At a very young age, I was not like other children. My actions, reactions, likes, dislikes, and general appearance set me apart, marked me as different. My own private segregation. Even during grammar school, children are aware of the differences between themselves and those around them. It’s during this time that we either develop the strengths to embrace the differences, or the insecurities about them that can plague us the rest of our lives.
One day in the second grade our teacher was talking about colors. I haven’t a clue why, don’t remember why, and don’t particularly care why. To show us the difference in colors, this woman decided to line us up against the wall in the classroom by hair color. The blondes first, the lone redhead, followed by a few sandy brown haired kids, a brunette, and a black-haired East Indian girl. I promptly tucked myself behind the brunette.
The next thing I knew, my teacher’s boney hand was wrapped around my arm and I was reordered behind the East Indian girl: NiCole, your hair is black, don’t you know that? She made me feel like an idiot, as if I was oblivious to the color of my own hair. I argued with this woman over hair color for five minutes until finally realizing the magnitude of her sheer stupidity in not knowing the difference between dark brown and black. She didn’t care. In her eyes, the East Indian girl and I looked the same, or perhaps just not like the other kids.
This story recently came up in conversation with a friend who posed an unnerving question: Do you think that’s why you have chosen to mark yourself [with tattoos], so YOU have control over what sets you apart?
The answer is yes, well, sort of. I began getting inked at twenty-six with tattoos that were relatively small and easily hidden. They were a private, passive-aggressive rebellion against the conservative life I was masquerading around in at the time.

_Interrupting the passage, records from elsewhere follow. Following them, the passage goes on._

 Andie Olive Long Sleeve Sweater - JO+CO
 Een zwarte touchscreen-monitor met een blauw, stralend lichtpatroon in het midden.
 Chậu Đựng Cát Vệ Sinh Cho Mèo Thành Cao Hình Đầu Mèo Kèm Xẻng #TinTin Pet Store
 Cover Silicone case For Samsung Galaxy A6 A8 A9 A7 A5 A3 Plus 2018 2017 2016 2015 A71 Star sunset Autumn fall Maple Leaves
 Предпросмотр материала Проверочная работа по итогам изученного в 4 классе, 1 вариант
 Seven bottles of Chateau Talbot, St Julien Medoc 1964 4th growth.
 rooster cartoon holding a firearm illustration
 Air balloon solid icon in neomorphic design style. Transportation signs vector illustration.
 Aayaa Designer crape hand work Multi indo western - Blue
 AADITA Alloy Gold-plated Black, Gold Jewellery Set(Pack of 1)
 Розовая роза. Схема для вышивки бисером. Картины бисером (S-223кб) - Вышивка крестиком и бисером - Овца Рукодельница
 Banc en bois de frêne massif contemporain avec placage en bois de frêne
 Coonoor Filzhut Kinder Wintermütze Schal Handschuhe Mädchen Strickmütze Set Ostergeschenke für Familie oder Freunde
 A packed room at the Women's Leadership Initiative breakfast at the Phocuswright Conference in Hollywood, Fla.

As my life has evolved, so have my tattoos. I’ve been misjudged because of them, been high-fived for their high visibility, and was once asked to cover them just in case someone might be offended by them possibly maybe. Really.
The tattoos are mostly literary in nature and consequently invite people’s inquiry, which is difficult for an introvert. Though more visible, they are still for me; permanent sticky notes to persevere, stark truths about life and love, the nonsensical poetry of a caterpillar. They are part of me, literally and figuratively, and my friend’s question showed me a truth about the coping mechanism I’d developed in how I’ve chosen to present myself as an adult. He’s good. Smartypants.
Though we have come a long way as a society in accepting our differences, we still make knee-jerk assumptions about people based on their appearance, whether that be through tattoos, piercings, hair color, or race. So long as we continue to line each other up against our own idealistic second grade hair-color charts, there will be those obstinate few who ardently say I don’t belong where you think I belong.